The man scratched his head and said, “Huh? What you talking about?”
“Grams says that when you croak she’s goin’ take me to Six Flags! So talk like a frog!”

We bid farewell to Mack and head back out on the road with a wind at our backs. We top the caprock and it is relatively flat. The tailwind is strong. Caffeine is pumping our systems and we are flying. I look down at the speedometer and can’t believe my eyes: 27.7 mph! I take a picture because who, really, is going to believe me? Too soon though, just after that it was 30 mph!

I see a dark front moving across the plains. Soon we are caught up in it at a crosswind. Charley is fighting to keep the bike on the road.
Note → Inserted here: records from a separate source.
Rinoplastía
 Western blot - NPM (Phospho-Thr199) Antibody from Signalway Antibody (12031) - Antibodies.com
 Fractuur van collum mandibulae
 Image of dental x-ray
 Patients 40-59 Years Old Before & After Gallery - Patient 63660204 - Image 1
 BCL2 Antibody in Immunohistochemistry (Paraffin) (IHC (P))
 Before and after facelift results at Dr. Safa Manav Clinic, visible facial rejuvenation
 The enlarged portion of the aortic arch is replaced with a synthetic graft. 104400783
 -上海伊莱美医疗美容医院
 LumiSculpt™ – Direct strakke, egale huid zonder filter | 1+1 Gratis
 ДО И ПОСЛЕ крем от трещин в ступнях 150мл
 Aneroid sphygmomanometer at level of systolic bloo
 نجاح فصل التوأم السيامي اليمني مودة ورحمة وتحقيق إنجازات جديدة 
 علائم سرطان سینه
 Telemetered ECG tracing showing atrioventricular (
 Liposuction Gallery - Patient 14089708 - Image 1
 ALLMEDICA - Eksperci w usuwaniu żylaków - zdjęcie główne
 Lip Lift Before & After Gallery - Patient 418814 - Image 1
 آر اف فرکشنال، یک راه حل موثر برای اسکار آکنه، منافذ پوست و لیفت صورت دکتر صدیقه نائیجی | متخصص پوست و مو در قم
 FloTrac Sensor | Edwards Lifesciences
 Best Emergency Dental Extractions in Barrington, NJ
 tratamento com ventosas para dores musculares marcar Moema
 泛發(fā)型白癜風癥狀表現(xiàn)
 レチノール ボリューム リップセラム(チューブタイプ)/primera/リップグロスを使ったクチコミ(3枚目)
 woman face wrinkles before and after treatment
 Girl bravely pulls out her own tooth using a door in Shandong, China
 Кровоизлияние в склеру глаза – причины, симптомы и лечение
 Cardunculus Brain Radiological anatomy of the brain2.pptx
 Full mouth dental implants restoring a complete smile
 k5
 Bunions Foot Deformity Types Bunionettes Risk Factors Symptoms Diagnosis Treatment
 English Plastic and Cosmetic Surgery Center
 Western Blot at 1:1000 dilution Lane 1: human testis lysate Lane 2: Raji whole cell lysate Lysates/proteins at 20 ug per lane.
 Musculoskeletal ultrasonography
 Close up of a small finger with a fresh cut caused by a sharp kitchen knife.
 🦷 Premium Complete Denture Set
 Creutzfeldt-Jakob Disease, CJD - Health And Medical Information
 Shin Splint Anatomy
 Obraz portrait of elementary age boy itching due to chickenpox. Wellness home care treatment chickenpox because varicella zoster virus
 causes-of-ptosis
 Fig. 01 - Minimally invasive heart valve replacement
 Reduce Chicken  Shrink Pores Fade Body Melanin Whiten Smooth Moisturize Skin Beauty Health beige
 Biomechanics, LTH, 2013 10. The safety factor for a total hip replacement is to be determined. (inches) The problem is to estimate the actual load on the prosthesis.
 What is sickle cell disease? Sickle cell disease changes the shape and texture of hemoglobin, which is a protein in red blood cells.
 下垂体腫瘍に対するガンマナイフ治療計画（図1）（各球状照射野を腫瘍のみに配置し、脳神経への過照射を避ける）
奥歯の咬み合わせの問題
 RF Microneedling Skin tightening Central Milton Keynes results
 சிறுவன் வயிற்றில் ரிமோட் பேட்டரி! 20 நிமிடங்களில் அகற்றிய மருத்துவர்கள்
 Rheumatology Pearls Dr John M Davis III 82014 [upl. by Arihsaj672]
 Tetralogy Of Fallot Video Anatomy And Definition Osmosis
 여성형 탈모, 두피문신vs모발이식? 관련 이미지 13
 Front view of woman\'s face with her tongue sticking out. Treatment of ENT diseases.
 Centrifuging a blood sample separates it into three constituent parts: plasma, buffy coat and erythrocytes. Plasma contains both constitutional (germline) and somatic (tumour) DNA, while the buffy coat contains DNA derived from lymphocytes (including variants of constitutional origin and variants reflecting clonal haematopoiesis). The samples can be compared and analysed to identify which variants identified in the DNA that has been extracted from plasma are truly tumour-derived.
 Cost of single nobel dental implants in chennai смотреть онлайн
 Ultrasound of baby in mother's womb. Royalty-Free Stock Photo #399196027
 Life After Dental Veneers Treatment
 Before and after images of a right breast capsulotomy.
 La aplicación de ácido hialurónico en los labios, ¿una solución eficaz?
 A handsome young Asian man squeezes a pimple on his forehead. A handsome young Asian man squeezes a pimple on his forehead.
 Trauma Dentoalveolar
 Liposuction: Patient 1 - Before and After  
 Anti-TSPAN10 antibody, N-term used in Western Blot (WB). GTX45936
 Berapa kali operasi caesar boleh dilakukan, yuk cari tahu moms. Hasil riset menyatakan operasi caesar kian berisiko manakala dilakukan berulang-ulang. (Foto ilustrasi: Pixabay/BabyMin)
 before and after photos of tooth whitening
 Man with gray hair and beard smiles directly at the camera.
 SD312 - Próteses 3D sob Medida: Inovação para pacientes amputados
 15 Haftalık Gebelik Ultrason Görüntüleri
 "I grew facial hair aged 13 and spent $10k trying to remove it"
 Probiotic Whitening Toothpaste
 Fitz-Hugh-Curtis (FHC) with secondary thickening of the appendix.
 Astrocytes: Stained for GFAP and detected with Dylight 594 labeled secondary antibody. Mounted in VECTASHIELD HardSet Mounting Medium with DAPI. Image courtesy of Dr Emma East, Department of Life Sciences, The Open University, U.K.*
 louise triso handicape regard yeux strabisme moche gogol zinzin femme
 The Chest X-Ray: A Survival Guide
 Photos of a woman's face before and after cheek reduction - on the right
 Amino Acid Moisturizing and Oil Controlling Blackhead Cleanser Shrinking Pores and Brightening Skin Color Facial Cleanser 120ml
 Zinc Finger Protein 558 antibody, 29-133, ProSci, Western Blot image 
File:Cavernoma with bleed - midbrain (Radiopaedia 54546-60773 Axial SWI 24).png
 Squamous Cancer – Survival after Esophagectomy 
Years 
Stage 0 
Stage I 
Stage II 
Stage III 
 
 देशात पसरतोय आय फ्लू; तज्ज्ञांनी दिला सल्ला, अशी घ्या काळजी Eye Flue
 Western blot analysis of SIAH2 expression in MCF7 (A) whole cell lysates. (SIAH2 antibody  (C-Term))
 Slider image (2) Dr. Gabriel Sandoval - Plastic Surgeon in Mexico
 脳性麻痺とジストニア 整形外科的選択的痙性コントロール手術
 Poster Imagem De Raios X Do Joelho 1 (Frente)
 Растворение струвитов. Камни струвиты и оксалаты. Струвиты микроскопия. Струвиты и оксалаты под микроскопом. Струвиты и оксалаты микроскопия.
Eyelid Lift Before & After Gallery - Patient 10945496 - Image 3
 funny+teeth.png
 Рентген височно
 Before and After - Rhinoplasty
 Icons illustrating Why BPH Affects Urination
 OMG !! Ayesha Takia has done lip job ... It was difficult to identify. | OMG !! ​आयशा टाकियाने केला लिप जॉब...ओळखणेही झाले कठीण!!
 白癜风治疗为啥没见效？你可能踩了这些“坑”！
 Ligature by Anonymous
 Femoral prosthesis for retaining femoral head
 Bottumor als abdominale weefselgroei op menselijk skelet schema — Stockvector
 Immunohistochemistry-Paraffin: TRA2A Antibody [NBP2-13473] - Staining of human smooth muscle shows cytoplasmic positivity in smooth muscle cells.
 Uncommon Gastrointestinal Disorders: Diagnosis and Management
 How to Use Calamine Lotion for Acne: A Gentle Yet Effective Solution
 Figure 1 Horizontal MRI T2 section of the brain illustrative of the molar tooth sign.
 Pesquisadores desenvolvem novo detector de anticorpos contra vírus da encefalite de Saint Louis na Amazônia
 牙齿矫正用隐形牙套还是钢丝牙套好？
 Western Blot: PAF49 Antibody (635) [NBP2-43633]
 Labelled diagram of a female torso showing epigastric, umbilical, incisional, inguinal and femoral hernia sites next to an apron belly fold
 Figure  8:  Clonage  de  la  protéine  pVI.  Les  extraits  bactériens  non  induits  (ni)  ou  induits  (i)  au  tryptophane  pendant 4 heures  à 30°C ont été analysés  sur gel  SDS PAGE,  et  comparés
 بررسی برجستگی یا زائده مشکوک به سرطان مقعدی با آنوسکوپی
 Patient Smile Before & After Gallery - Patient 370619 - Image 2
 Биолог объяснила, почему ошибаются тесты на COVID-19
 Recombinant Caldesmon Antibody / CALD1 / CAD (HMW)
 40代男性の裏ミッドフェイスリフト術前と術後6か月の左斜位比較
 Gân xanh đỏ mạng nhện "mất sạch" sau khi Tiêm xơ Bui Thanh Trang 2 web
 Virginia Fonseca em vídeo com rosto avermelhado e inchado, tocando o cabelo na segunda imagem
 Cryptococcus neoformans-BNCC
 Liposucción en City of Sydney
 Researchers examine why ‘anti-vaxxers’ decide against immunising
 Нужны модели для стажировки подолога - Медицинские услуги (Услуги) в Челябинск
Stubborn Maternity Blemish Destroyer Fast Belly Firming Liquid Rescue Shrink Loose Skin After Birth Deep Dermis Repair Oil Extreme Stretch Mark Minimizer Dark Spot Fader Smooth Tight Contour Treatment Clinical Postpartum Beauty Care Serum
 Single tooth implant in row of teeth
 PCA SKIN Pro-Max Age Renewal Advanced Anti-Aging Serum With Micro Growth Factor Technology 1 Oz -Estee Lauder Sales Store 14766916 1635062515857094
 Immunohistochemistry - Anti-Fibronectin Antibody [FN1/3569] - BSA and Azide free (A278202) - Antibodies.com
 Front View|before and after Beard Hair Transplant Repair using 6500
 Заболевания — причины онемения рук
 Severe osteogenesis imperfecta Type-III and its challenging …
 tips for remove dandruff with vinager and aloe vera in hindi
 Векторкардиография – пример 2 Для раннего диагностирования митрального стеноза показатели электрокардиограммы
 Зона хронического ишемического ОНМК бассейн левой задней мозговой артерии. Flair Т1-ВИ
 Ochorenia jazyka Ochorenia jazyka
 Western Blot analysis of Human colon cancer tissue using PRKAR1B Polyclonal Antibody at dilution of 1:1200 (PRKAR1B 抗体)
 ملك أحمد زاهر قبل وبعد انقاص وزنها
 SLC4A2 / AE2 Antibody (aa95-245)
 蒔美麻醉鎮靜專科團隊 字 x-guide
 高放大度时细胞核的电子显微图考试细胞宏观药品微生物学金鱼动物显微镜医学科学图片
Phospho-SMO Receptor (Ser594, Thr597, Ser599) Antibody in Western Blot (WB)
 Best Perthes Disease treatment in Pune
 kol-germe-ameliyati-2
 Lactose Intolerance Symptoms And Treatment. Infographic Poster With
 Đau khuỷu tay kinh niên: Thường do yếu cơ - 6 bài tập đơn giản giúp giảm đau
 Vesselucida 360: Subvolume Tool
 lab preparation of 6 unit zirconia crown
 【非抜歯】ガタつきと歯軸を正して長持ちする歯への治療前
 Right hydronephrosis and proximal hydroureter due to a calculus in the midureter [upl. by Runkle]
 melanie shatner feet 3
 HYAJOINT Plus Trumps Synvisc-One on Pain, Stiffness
It passes and the tailwind is once again at our backs.  We stay an extra day in Lovington as the wind switches around and vows to be our enemy if we ride. As we leave town a mailbox attendant waves, “So long!”

We finally get to camp out at the Brownfield city park. Mack told us about this little gem.
When daybreak comes back around, we know we have some maintenance to do: Thermarest has a small leak and the tent needs a patch were a seam is pulling loose.

Still, a tailwind persists today, good thing too, because we pedal at an incline all the way to Lubbock. Along the way, the English teacher comes out of me when I notice the misspelling on a business sign.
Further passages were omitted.